Task goal
With pictures left out, set down every record word for word.

[Short descriptive text snippets]
***

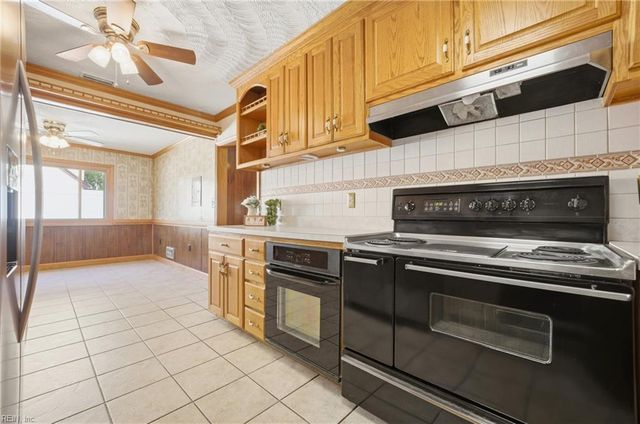 722 Red Mill RD, Norfolk, VA 23502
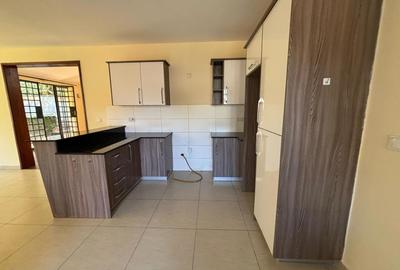 4 Bed House with En Suite in Kitisuru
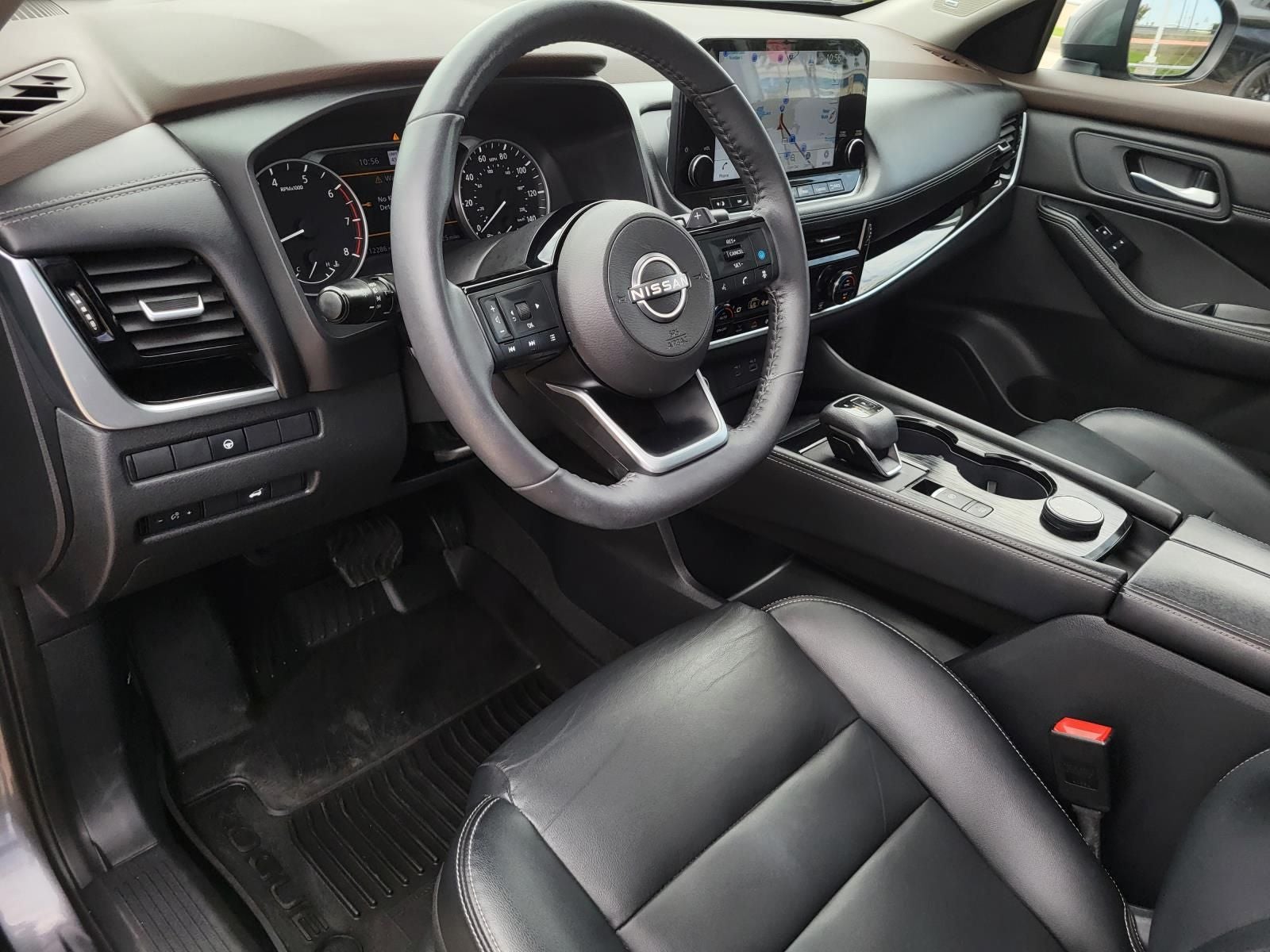 2022 Nissan Rogue SL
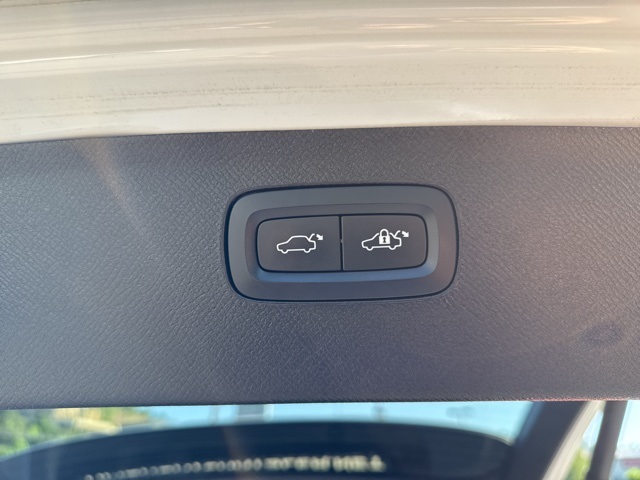 2022 Volvo XC90 T5 Momentum photo 21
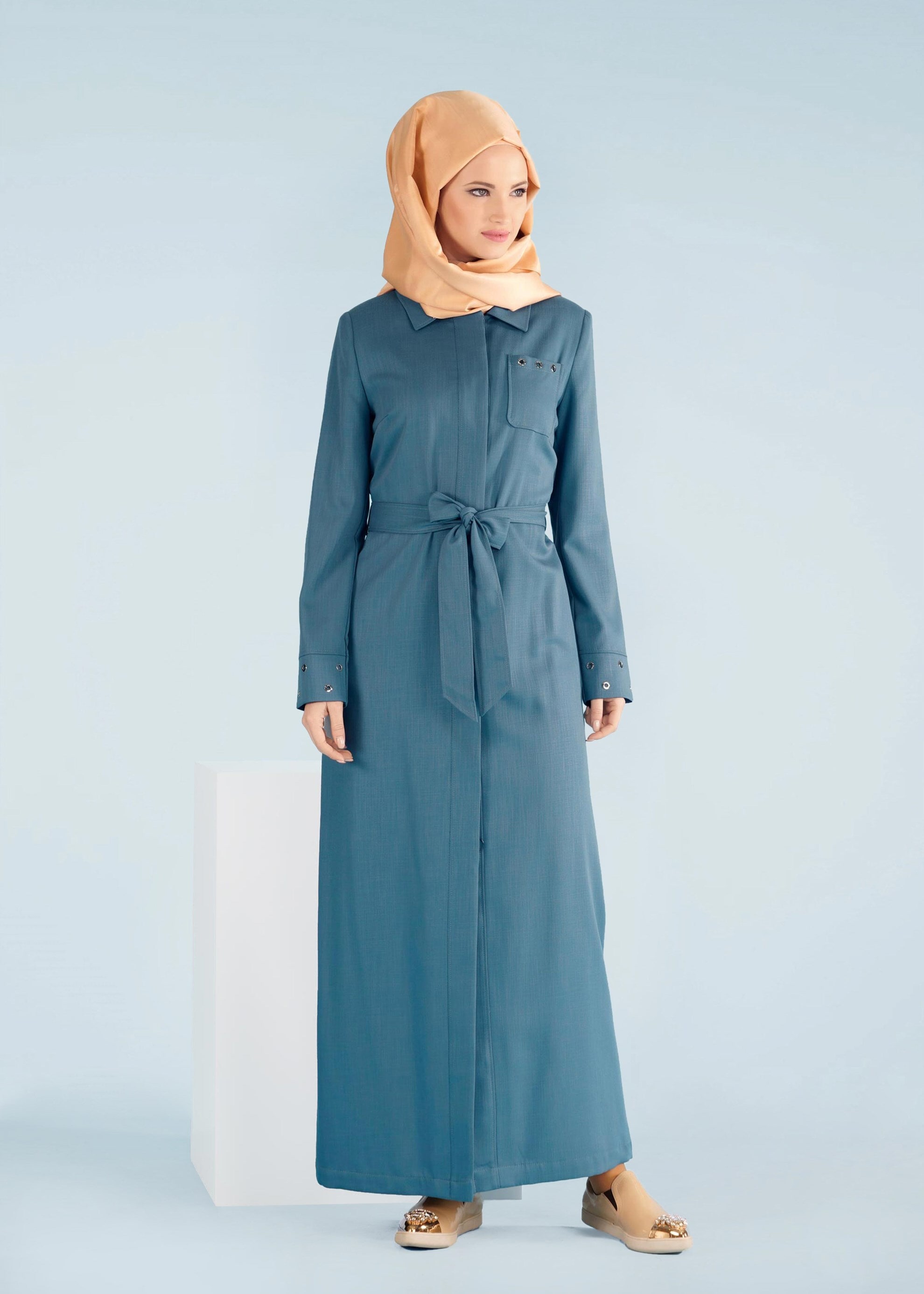 Tesettür giyim MAVİ MANŞETLERİ KUŞ GÖZÜ DETAYLI KUŞAKLI PARDESÜ 1016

***

Written reply
 722 Red Mill RD, Norfolk, VA 23502
 4 Bed House with En Suite in Kitisuru
 2022 Nissan Rogue SL
 2022 Volvo XC90 T5 Momentum photo 21
 Tesettür giyim MAVİ MANŞETLERİ KUŞ GÖZÜ DETAYLI KUŞAKLI PARDESÜ 1016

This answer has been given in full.